Level 5 – Games and events that most truly believe were the final and championship moment due to the complete overhyping, overplaying, AND the mythologizing of the event. These events actually transcend sports in many ways…

Example #11980 Men’s Olympic Hockey (“The Miracle On Ice”): Someone needs to get the reminder out there that the underdog US men’s hockey team defeated the mighty Soviet Union in the…


For all the movies and talk (like Miracle), the fact remained that the United States still could have finished fourth and been denied a medal had they lost to Finland two days later. That has got to be the most understated championship game of all time, and quite likely also the least acknowledged. It also functions as probably the biggest trap and letdown game in the history of mankind, but hey, we beat the eeeeevil Ruskies! USA!!! USA!!! USA!!!

Example #2Game 1, 1988 World Series (Kirk Gibson’s Crippled Deluxe): Oh yeah, did you know that Oakland actually won Game Two? Neither did I! What? You mean Oakland didn’t just forfeit the whole damn Series because a guy with two bad knees and two bad hamstrings popped a one-in-ten-thousand home run? I’m shocked, shocked! The way people talk about this one, you’d think the A’s went into a hole so deep they ended up in China the next day. By the way, the real hero of 1988 was Orel Hershiser, but Kirk Gibson’s moment (and his only AB of the World Series) is what endures in commercials and on top ten lists.

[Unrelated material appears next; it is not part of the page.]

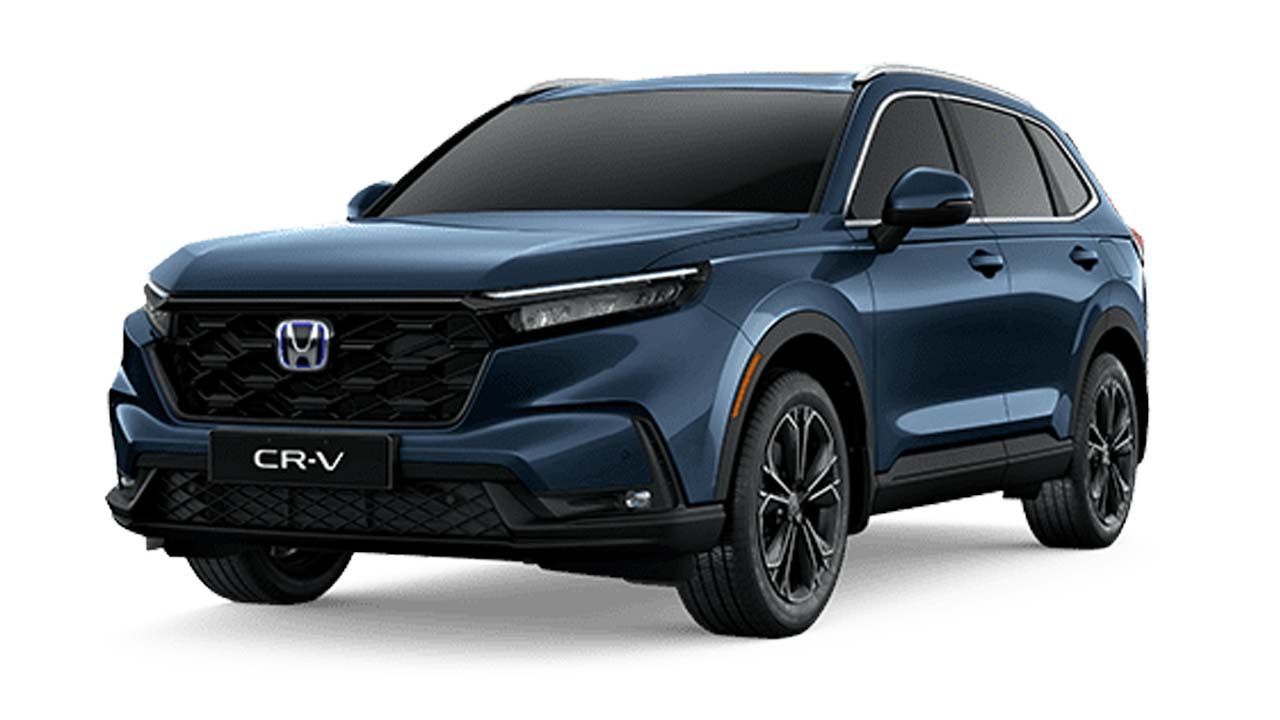 SUV Honda CR-V azul-escuro sobre fundo branco, vista frontal esquerda em ângulo.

Example #3Game 6, 1986 World Series (Bill Buckner’s Flub): As a baseball fan, I know that Bill Buckner is one of the better players to have ever stepped onto a diamond. I also know that for years he has been disproportionately blamed for what happened. Anyway, how many people forget that the Red Sox had to lose Game Seven, and they actually held a 3-0 lead going into the late innings! Or they forget that it never should have actually gotten to a Game Seven had John McNamara not been given to sentimentalism, or Bob Stanley actually remembered how to pitch!

These are the levels; they can be considered a bit fluid. Discuss these among yourselves and feel free to dispute or add events and tell me why they belong on a particular level of Sports Misconception.